Society in American & Europe were prospering with the development of great ideas like indoor plumbing & the shopping mall. With the invention of the crinoline hoop skirt & metal grommets, women made themselves into “Belles” literally & figuratively, following the lead of a tiny-waisted 18 year old Queen Victoria of England who had just taken the throne. At the same time “49’ers” were panning for gold in California, Charles Worth was inventing a “costume” for every event, while paisley was up & bloomers were down in popularity.
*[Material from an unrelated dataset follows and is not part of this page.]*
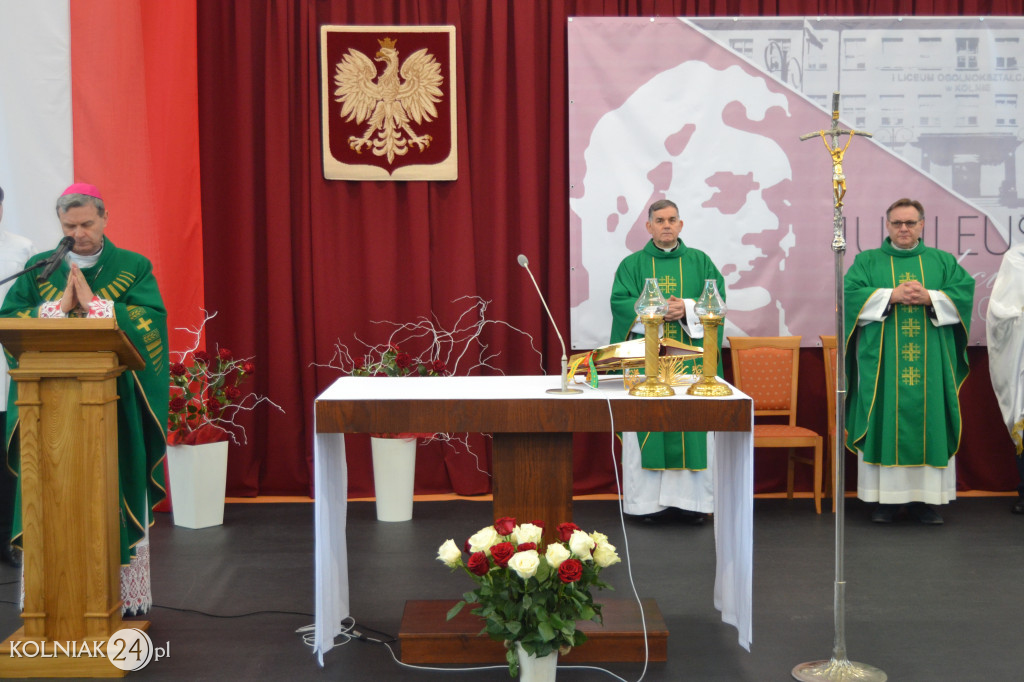 Niezwykła uroczystość w kolneńskim Ogólniaku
  • Queen Victoria came to the throne in 1837 at the age of 18, & would dominate history & world fashion until the next century
  • Victoria’s rigid disciplinary standards for 64 years set the “Victorian Eras”
  • Under Victoria’s rules, it was improper to even say the world “legs”, let alone look at them under a woman’s garments during this era
  • Everything Victoria did was to spur the English economy
  • Countries worldwide flourished with improvements on steam engines in all industries & science
  • Indoor plumbing, gas lighting, & fast transport changed lives & status of all classes & peoples
  • America acquired Nevada, New Mexico, & California in 1848 in a treaty with Mexico
  • There was another Revolution in France in 1848, which cut off communication & trade from that country & others
  • Gold was discovered in California, starting the gold rush & western expansion in the US
  • America went to war with Mexico 1846-48, ending with Mexico ceding large territories to America
  • Literature such as “Moby Dick” & “Uncle Tom’s Cabin” expressed ideas of pre-Civil War in America








Women’s Changing Roles in the 1830’s & 1840’s

There was in Massachusetts in America in the early 1840’s, a mill that attracted young women away from farms and home industries to the factories; specifically the Lowell Textile Mill.
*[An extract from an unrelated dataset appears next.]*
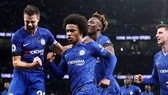 Willian đã khiến HLV Jose Mourinho phải nhận thất bại đau đớn. Ảnh: Getty Images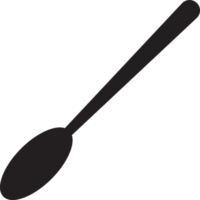 Hand Drawn spoon illustration png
Unlike many of our perceptions of girls leaving home to support the family, and working in the new industrial revolution factories where they were abused, there was a type of “Camelot”, a short period in history where women were free to make the choice to go out and earn money on their own – and to keep it and to provide for themselves as single women.
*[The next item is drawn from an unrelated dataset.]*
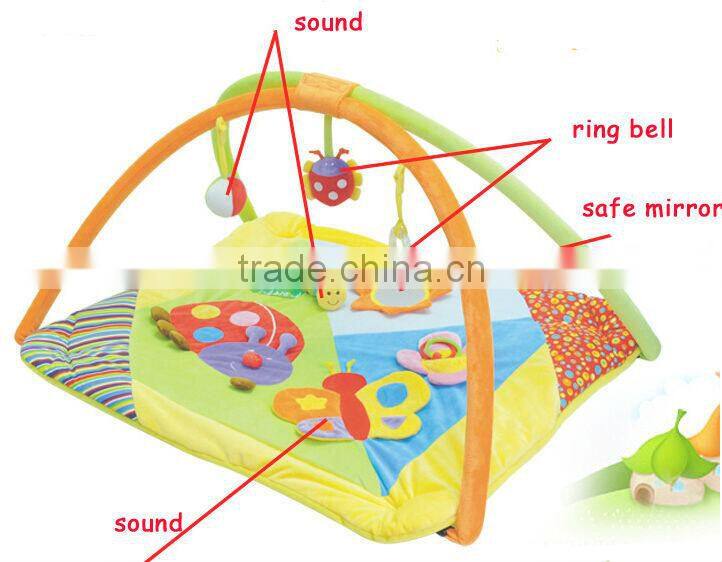 2014 luxurious brand Baby play gym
Rather than plagerizing this well researched and documented article that is distributed with permission of the Lowell Mill Historical society, we will cite the original sources, and provide this as image files.

What we take from this for Emma’s ensemble, is that young girls actually LIKED to work, and they LOVED being independent and supporting themselves.  It was a rare time in history when women could be free to do what they wanted without being tied to a father, brother, husband, or other man in some way.  While the “Mill Girls” were well chaperoned and cared for somewhat like in our later history the “Alma Mater” concept of higher education would provide, they were still very much on their own.

For character depictions like Emma’s, where one of the eldest children is working at an inn, we take special note here that it might not have just been to give money to the family.  It very likely was because there was a great amount of satisfaction in making something yourself, doing a good job, working hard, and seeing the results of your efforts so that you could grow and improve your situation by those efforts.

In that, the girls of the 1830’s were not so much different than many young women today.


“The Early Years in Lowell, Massachusets, 1821 through 1841”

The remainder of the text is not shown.